▽
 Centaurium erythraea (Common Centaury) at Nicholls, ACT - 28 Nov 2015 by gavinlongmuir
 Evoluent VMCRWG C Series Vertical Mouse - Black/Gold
△
▽
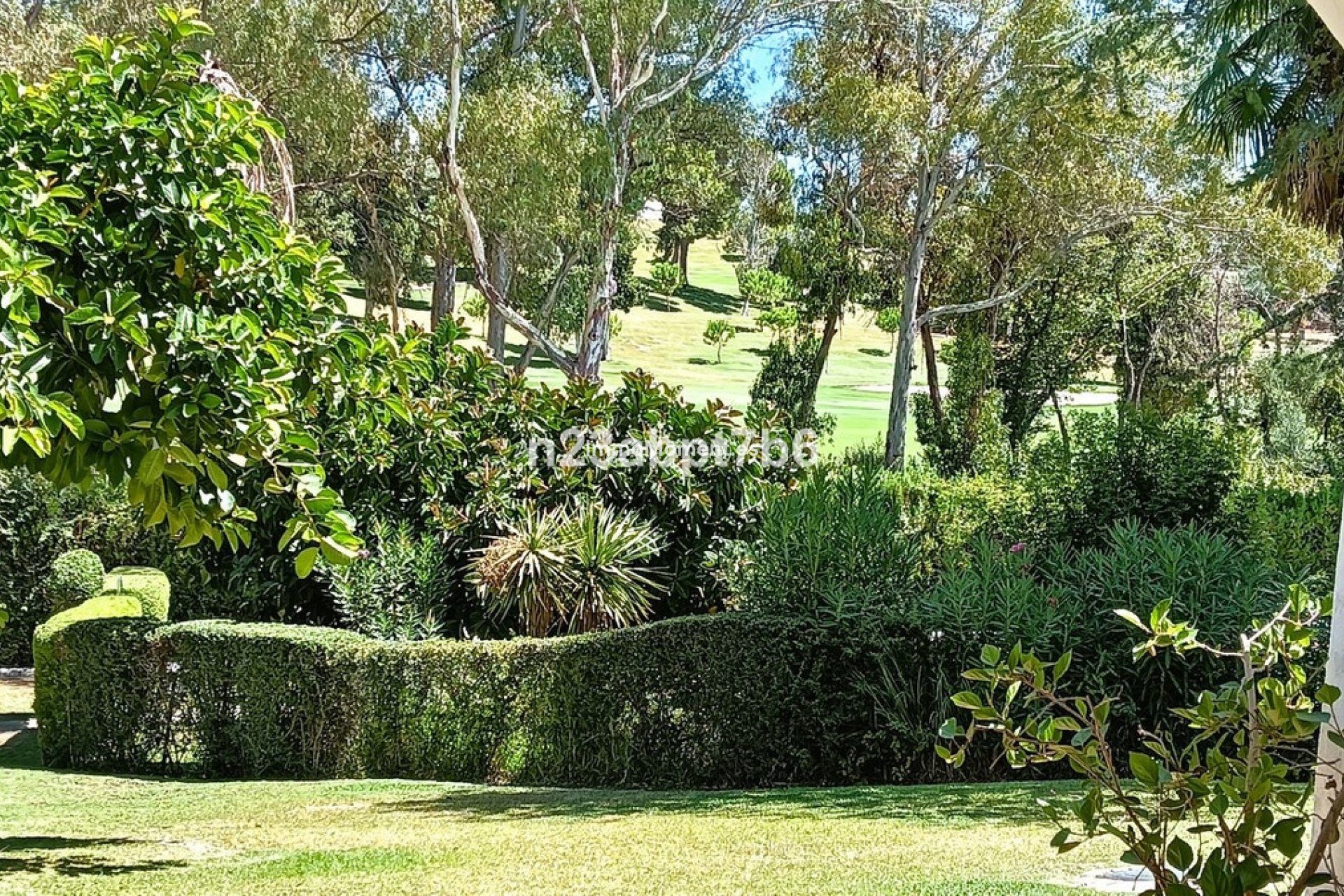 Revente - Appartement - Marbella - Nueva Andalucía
△
Your task is to transcribe, with no changes, only the lines of the listing above that lie between the line holding "Centaurium erythraea (Common" and the line holding "Evoluent VMCRWG C", inclusive.

 Centaurium erythraea (Common Centaury) at Nicholls, ACT - 28 Nov 2015 by gavinlongmuir
 Evoluent VMCRWG C Series Vertical Mouse - Black/Gold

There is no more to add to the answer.